## YOUR OBJECTIVE
The copy must match the data below line for line and contain no images.

## DATA EXTRACT
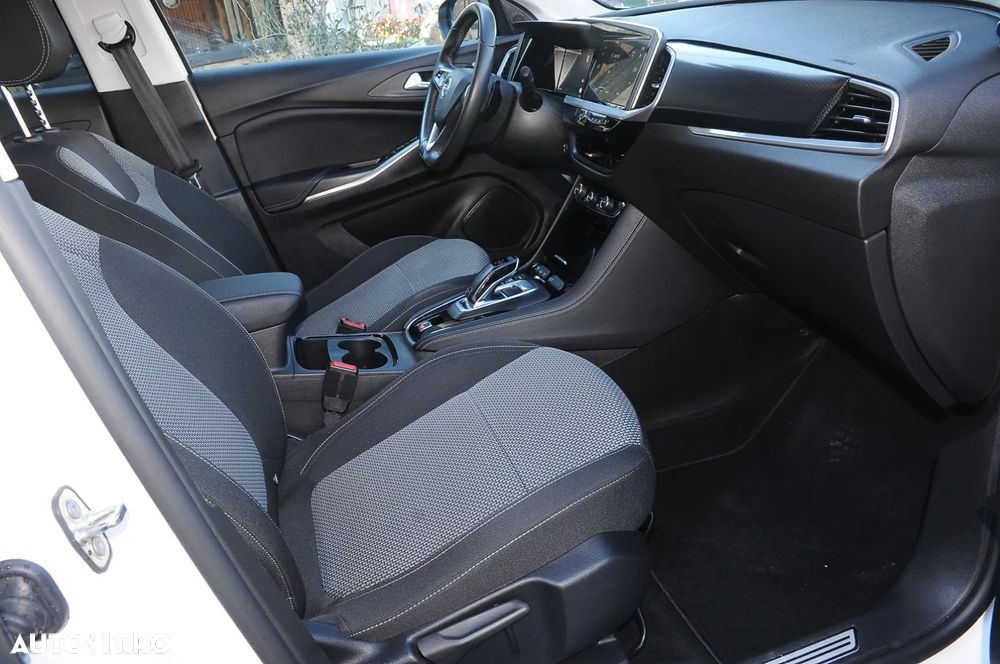 Opel Grandland 1.5 D Automatik Business Elegance - 33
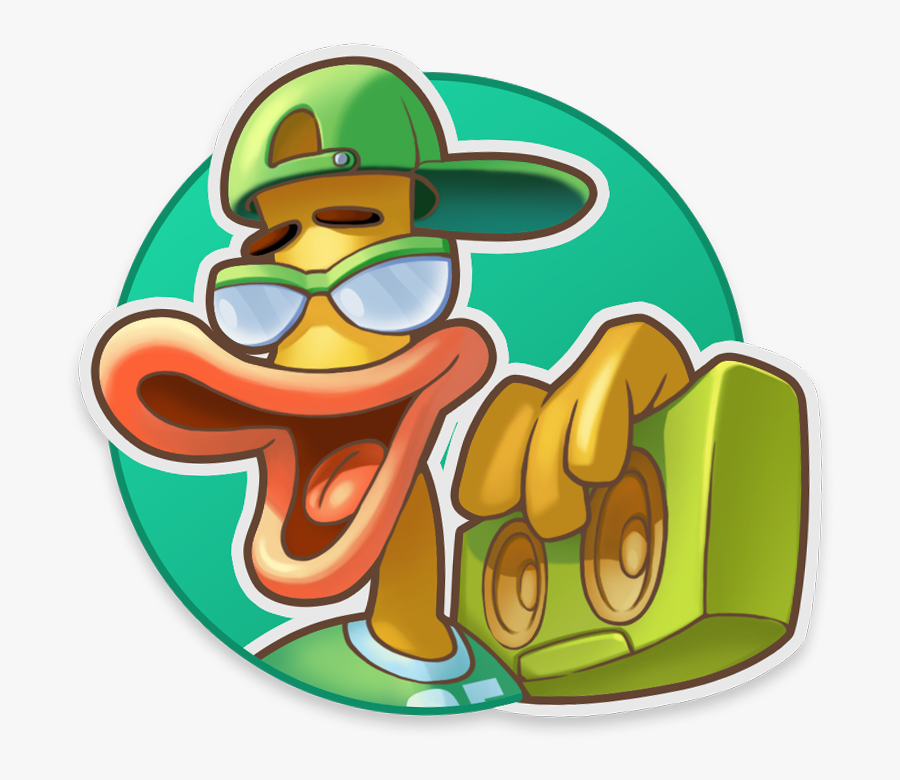 Cartoon, Transparent Clipart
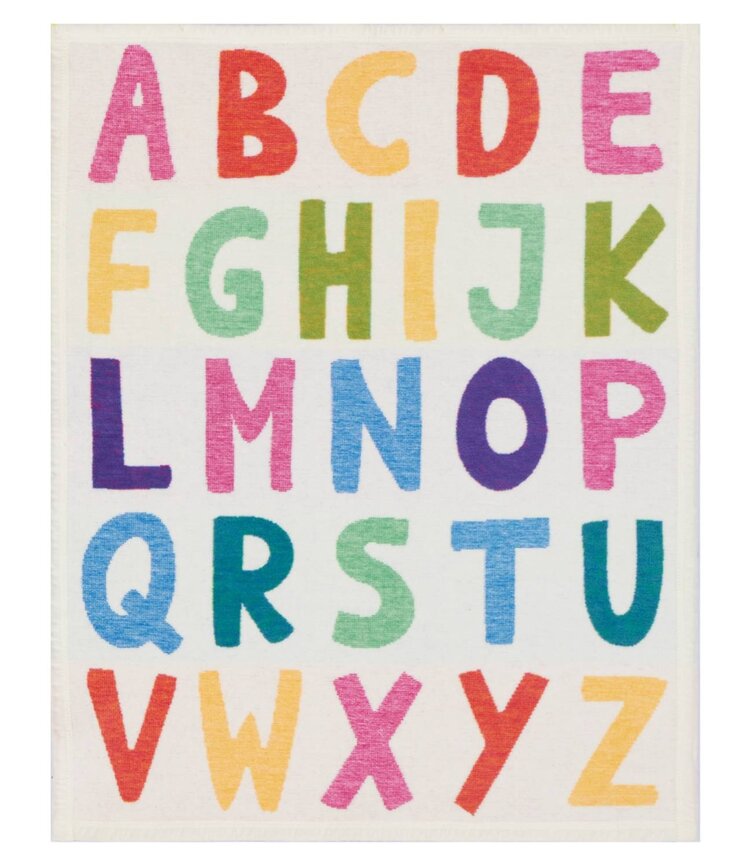 Chappy Wrap Mini Blanket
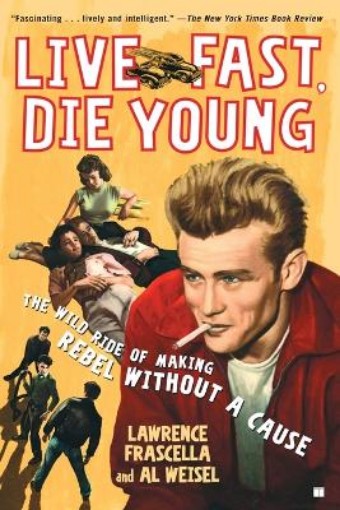 Picture of Live Fast, Die Young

## EXERCISE ANSWER
 Opel Grandland 1.5 D Automatik Business Elegance - 33
 Cartoon, Transparent Clipart
 Chappy Wrap Mini Blanket
 Picture of Live Fast, Die Young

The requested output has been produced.